-- What to produce --
An exact copy of the data is required; the images should not appear in it.

-- Source data --
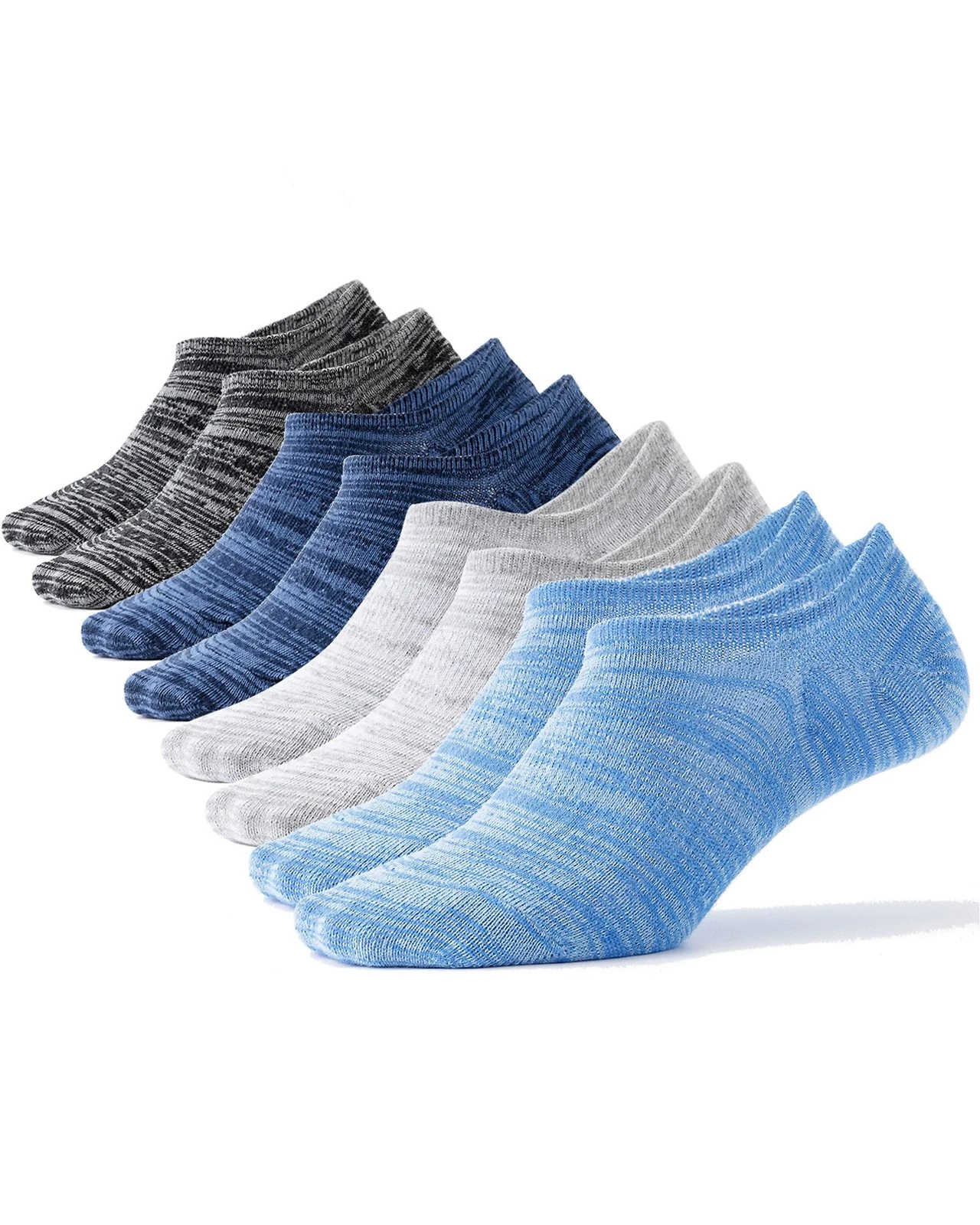 No Show Socks Men 8 Pairs Cotton Low Cut Socks Breathable Non Slip Invisible ...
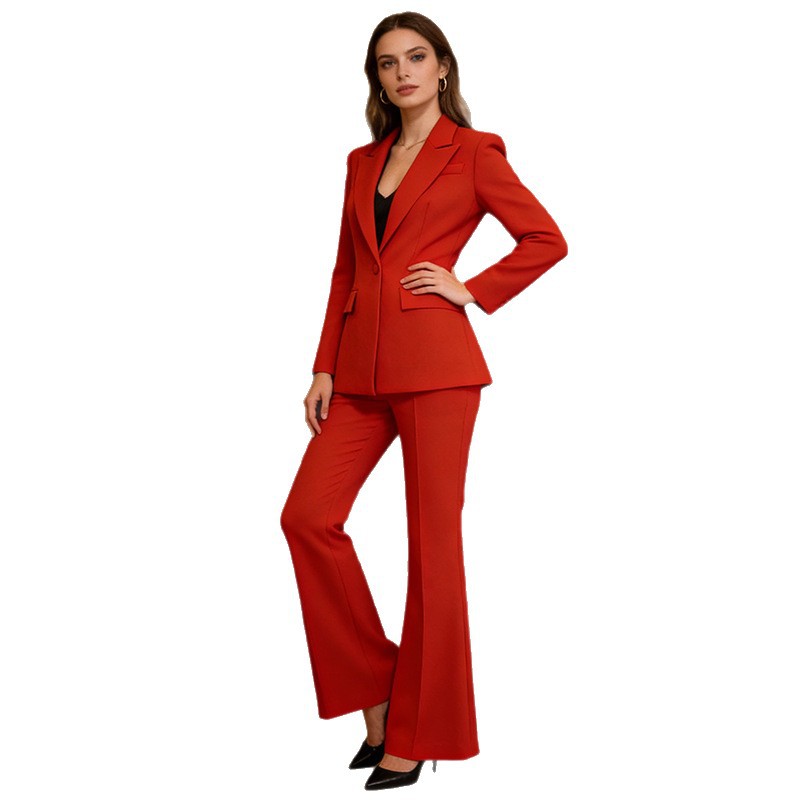 Red Suit Set Women's Professional Outfit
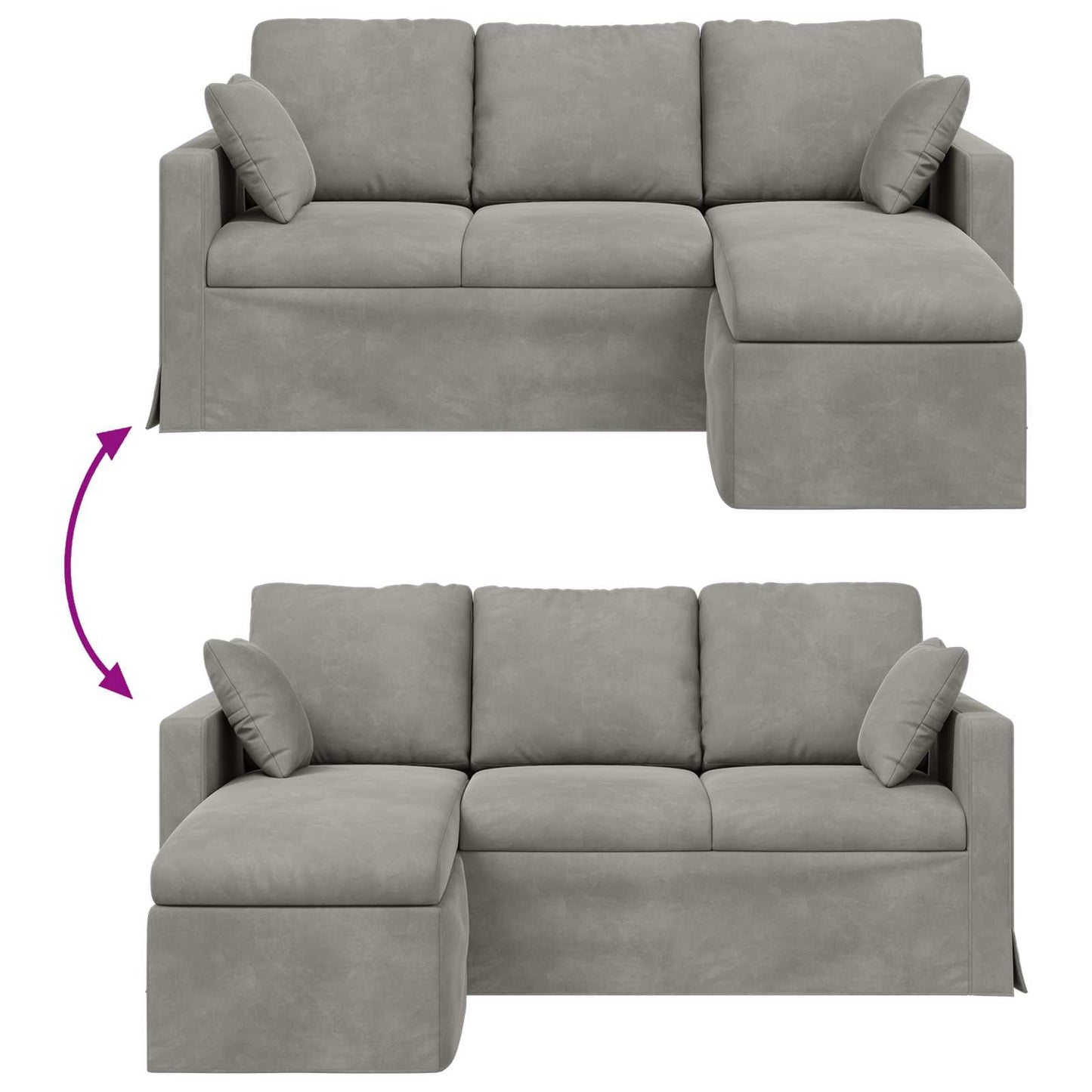Divano Grigio chiaro 178 x 134 x 80 cm Velluto | homemem39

-- Output for this task --
 No Show Socks Men 8 Pairs Cotton Low Cut Socks Breathable Non Slip Invisible ...
 Red Suit Set Women's Professional Outfit
Divano Grigio chiaro 178 x 134 x 80 cm Velluto | homemem39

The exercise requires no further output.